I invite you to consider "timezone" option (in date filter) to specify which is the default timezone when date is parsed.

The source timestamp are always written in their local time however for some log files the timestamp does not specify the timezone that it is in (frustrating but i cannot change this). I understand when there is no timezone in the timestamp that it should be specified in the date filter using the "timezone" option.

But the value I'll need to specify for "timezone" option will change depending on which lab it's coming from (Turkey / Vietnam / Ottawa).

How can I make the filter handle this type of situation?

Thanks.

I suppose you have (at least) a logstash instance at each local place, so I advice you to :

  • explicitly set export TZ=TheLocalTimeZone just before running logstash
  • and set "date" filter on local logstash instance (if you use a centralized logstash instance, do not parse date on central instance, if possible)

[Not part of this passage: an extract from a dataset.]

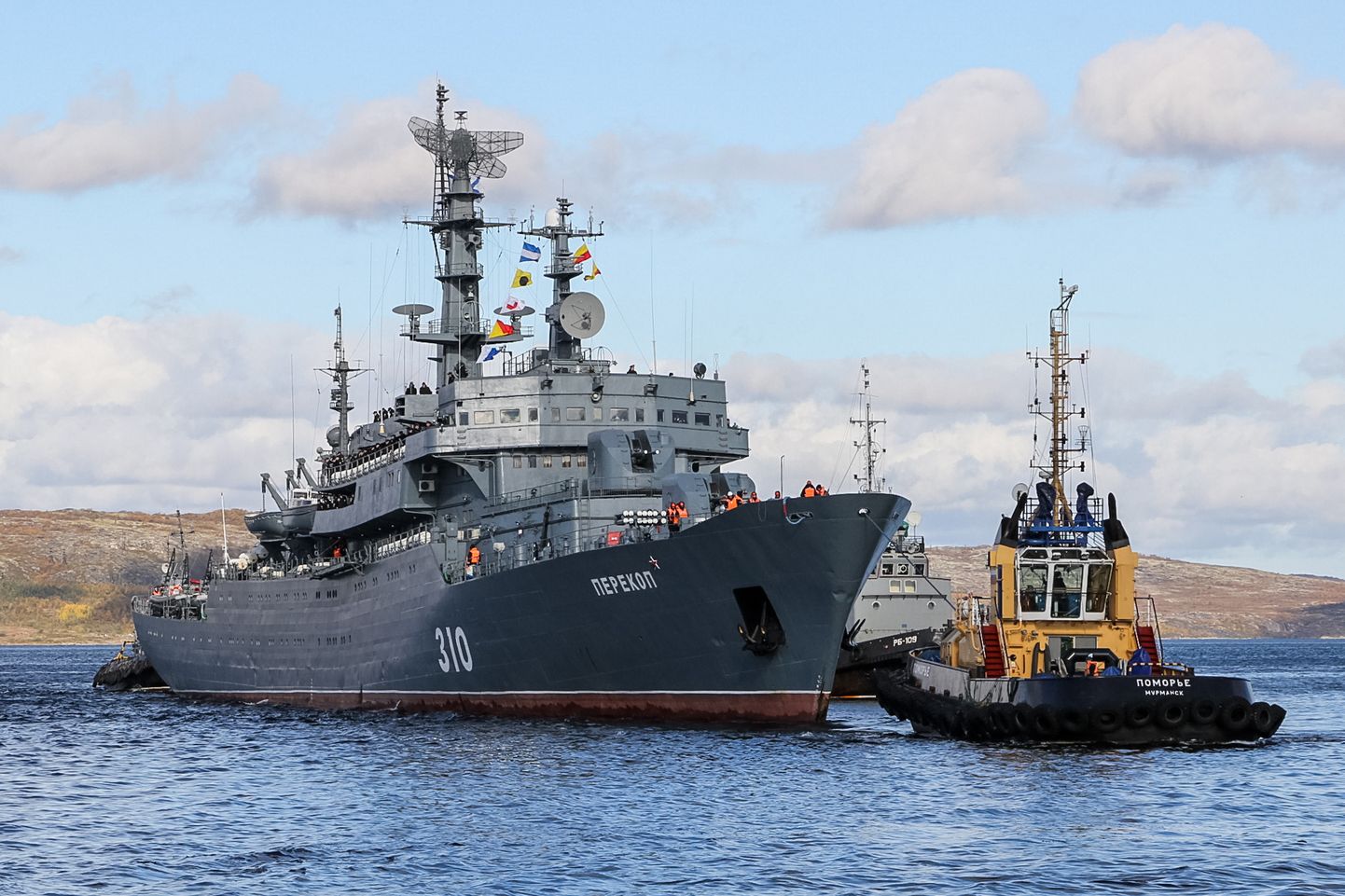 Военный российский корабль.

We actually use filebeat to forward logs to a centralized logstash instance, there are no such local instances of logstash for each lab.

Would it be possible to use the date filter and assign a timezone based on the IP address? or by Lab name?

ex:
filter{
if "vietnam location defining attribute" in [source-ip] / [lab-name] {
date {
match => ......
target => "source-timestamp"
timezone => "IST"
}
}
else if "Turkey location defining attribute" in [source-ip] / [lab-name]{
.....
.....
timezone >= "EEST"
}
....
}

With recent versions of the date filter it's possible to reference other fields in the timezone setting, so you can set a field like [@metadata][timezone] based on the IP address or whatever and then do this:

date {
  match => ...
  timezone => "%{[@metadata][timezone]}"
}

Great that looks like it'll solve my problem, thanks!

One last question:
Is it a problem if a timestamp already contains the timezone and timezone is being assigned in this way in the date filter? I only ask because some of the timestamp formats for logs coming in already contain a timezone.

Thanks!

I'm pretty sure the timezone in the text being parsed will be honored if your pattern contains a %z token.

Concerning getting timezone from source machine, you can add a "timezone" field in beats configuration, using this :
https://www.elastic.co/guide/en/beats/filebeat/current/configuration-filebeat-options.html#configuration-fields

The timezone field could contain directly the value (ex: Europe/Paris), or a reference to an environment variable : ${TZ}

Then in logstash, you use it in date filter :
date {
timezone => "%{timezone}"
}

Thank you for your help! Assigning a timezone field fixed the issue!